**** Information given
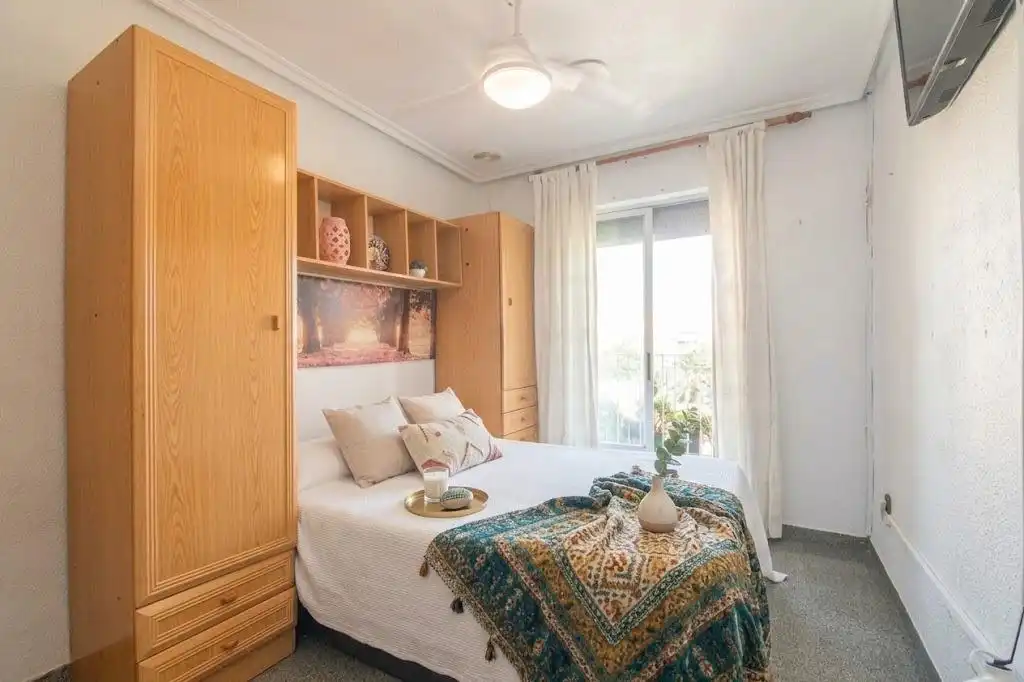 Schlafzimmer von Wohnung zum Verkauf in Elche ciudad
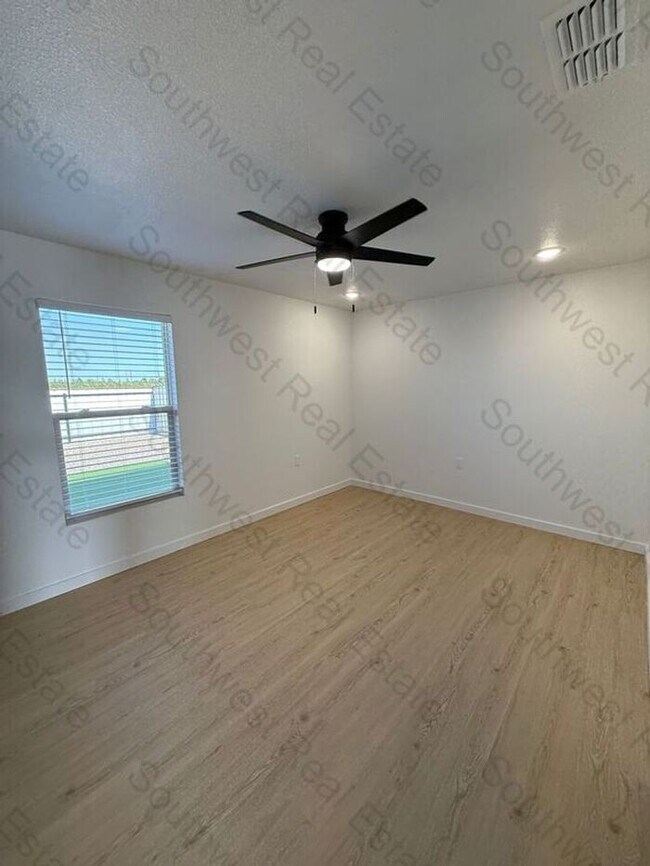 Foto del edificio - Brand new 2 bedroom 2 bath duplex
********
**** Information given
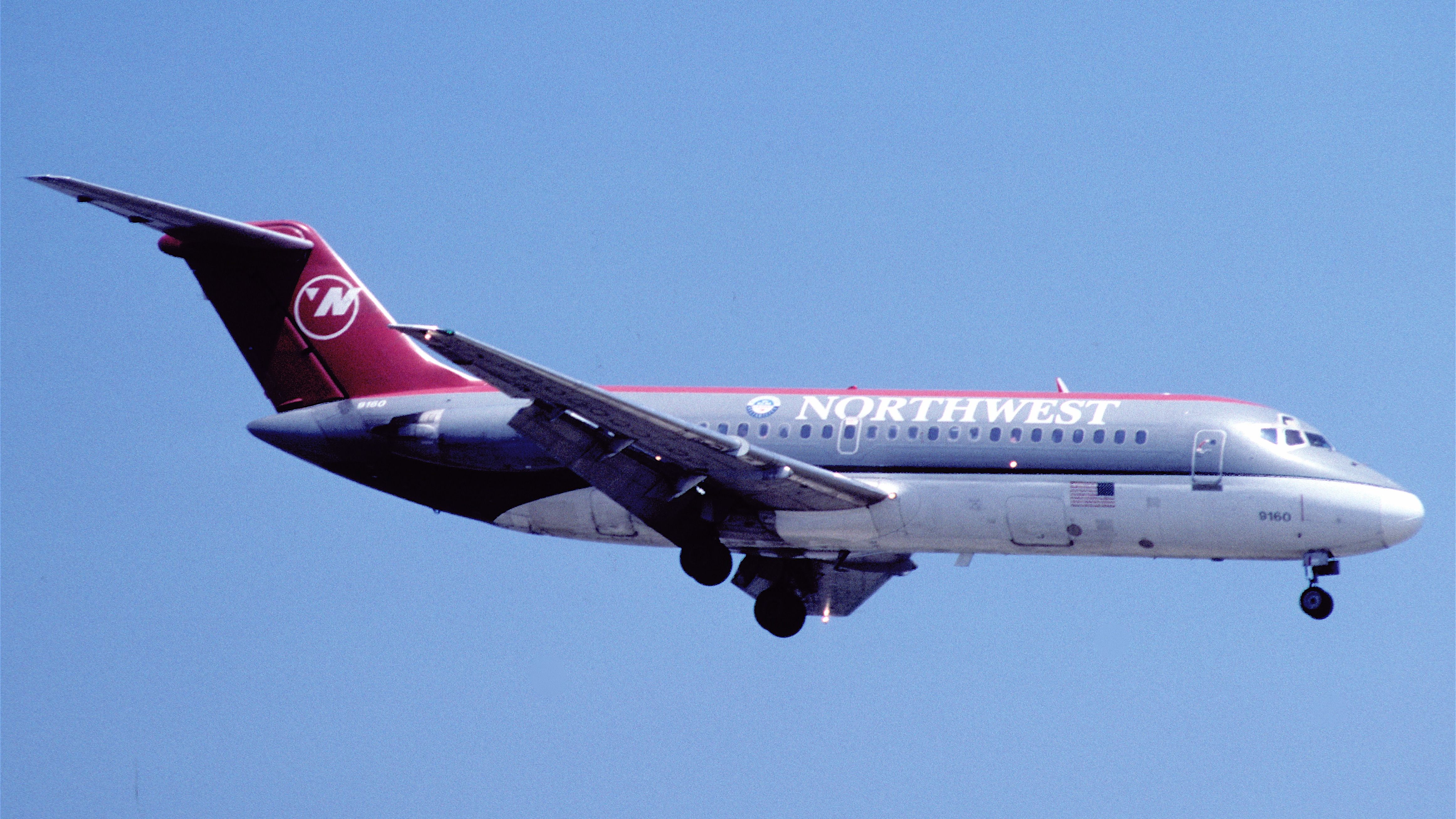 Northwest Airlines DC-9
********
_Exercise description_. Within the entries above, give again exactly the lines starting at the one that contains "Schlafzimmer von Wohnung" and ending at the one that contains "Foto del edificio", leaving out the pictures.

_Expected answer_.
 Schlafzimmer von Wohnung zum Verkauf in Elche ciudad
 Foto del edificio - Brand new 2 bedroom 2 bath duplex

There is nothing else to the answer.